Lope de Vega no dejó de estar presente en el Galpón Teatral, pero también surgieron otros nombres, como el del porteño Manuel José de Lavardén, quien en 1786 se consagró cuando presentó su tragedia en verso Siripo, primera obra teatral de tema no religioso, lo que acrecentó la ira de la Jerarquía Eclesiástica.
Siripo relata la destrucción del fuerte Sancti Spíritu y la vida de la legendaria Lucía Miranda. Lamentablemente la mayor parte se perdió; sólo se conserva el segundo acto. Desde aquél maravilloso día del estreno hasta el infausto final que sufriría la sala, transcurrieron seis años de tejemanejes clericales. Pero ya era tarde, de la mano de Lavardén había nacido, antes aun que la Patria misma, el Teatro Laico de la futura Argentina. Sin embargo, cuando el escritor anunciaba la presentación de otras dos obras, de contenido más clásico y europeo, el fuego que quemó La Ranchería impidió su representación y destruyó los originales.
La violencia que los sacerdotes ejercían no sólo imperaba en la escandalizada crítica de sus feligreses, sino que llegaba al interior mismo de las familias, como ocurrió cuando la actriz María Mercedes González y Benavides se subió a las tablas en 1788. El padre de esta mujer, viuda y madre de tres hijos, se presentó ante la justicia para impedirle que actuara ante el público porque actuando, decía, su hija «no sólo echa sobre sí la nota de infamia sino que la hace trascender a todos sus parientes«. El pedido fue aceptado, pero, después de seis meses de apelaciones de ambas partes, se falló en favor de la hija.

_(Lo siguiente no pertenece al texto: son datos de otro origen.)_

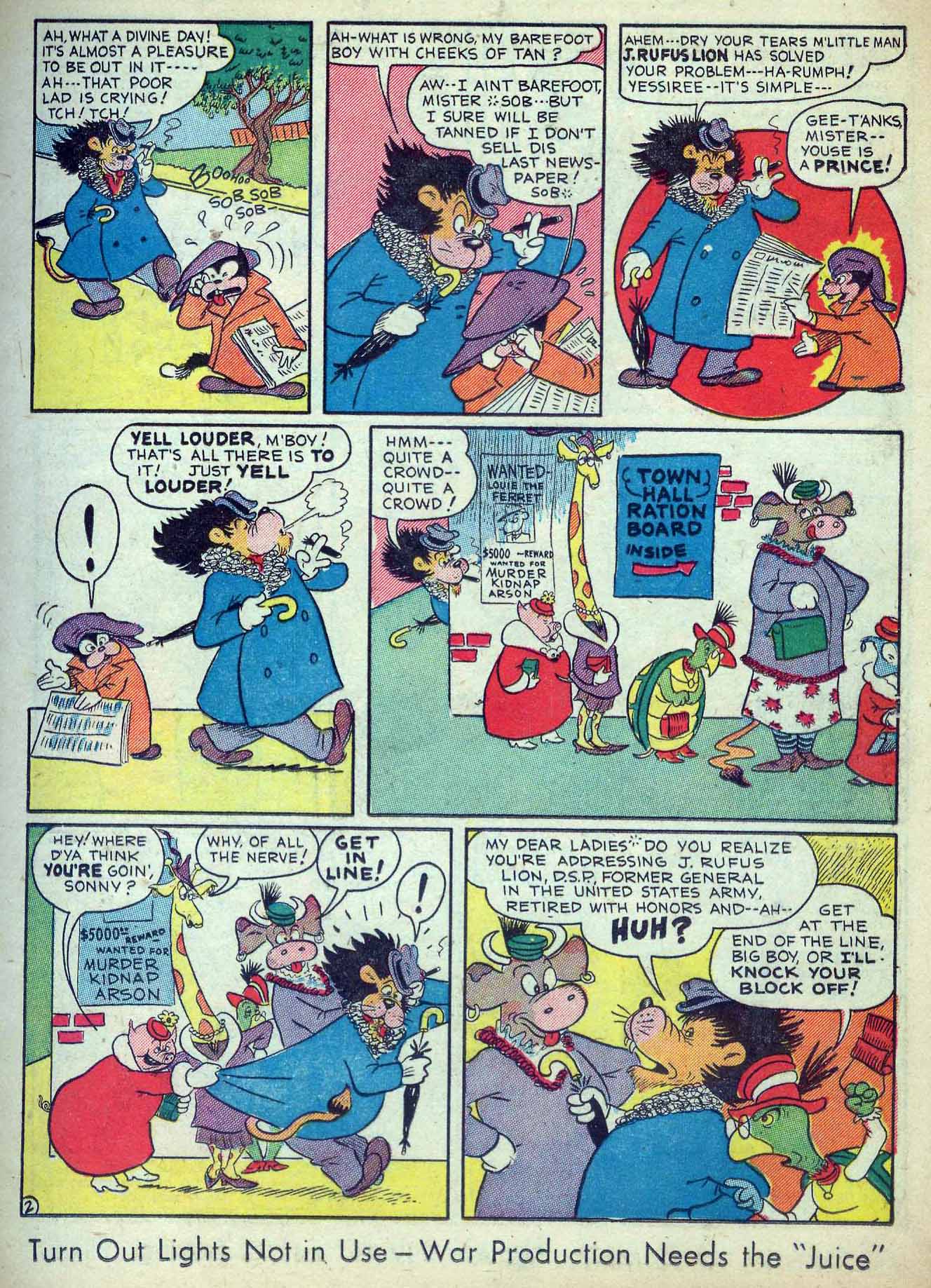 Read online Funny Stuff comic -  Issue #1 - 15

Un mínimo rigor me obliga a mencionar que es imposible saber hoy (como lo fue en su momento, dado el poco interés en investigar el hecho, o el mayor “interés” en no investigarlo) si se trató de un accidente o de un atentado. La jerarquía católica, sin embargo, no disimuló su júbilo por la destrucción del pecaminoso sitio y pudo suspirar su calma al descubrir que los actores se habían quedado sin su espacio.

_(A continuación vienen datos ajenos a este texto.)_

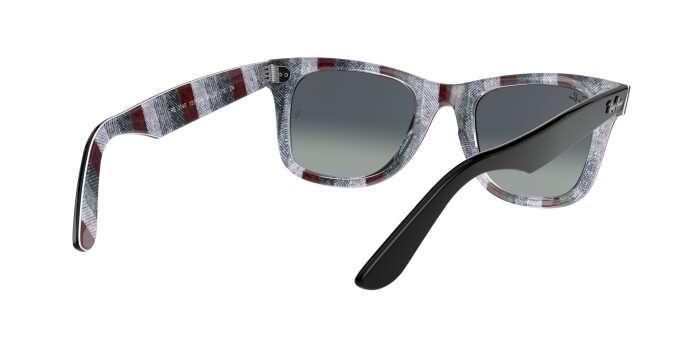 RAY-BAN RB 2140 13183A 50 ORİJİNAL WAYFARER KLASİK Unisex Köşeli Güneş Gözlüğü - 7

“¡Dios del Cielo!”, habrán musitado las santurronas, “finalmente llegó tu Justicia y acabó con la encarnación del Mal en ese Templo de Satán”. Y claro, ¿cómo soportar, por ejemplo, que durante la época de carnaval se realizaran en la sala bailes populares, a los que acudía el pueblo disfrazado a disfrutar del fandango? Esas noches de brillo enrojecido, las siempre presentes castañuelas hacían sonar sus ritmos barrocos mientras la lascivia se apoderaba de los Poseídos. Pero todo aquello acabó cuando el Ardor del Fuego Divino arrebató al patrimonio de la Aldea uno de los mayores logros del Virrey criollo.
El teatro no murió en las cenizas de La Ranchería ni el Oscurantismo pudo con el espíritu en movimiento de un pueblo que se encaminaba a la definición de su destino. Proliferaron las salas, nuevas “Rancherías” dieron espacio a la Acción Dramática y una remota ciudadela del Imperio Español se convirtió, con el paso del tiempo, en un referente de la actividad teatral en el mundo. Cada 30 de noviembre, la cultura nacional festeja un recuerdo que, a pesar de su pronta y violenta muerte quedó vivo para siempre en la esquina de Alsina y Perú: el nacimiento del Teatro en la Argentina.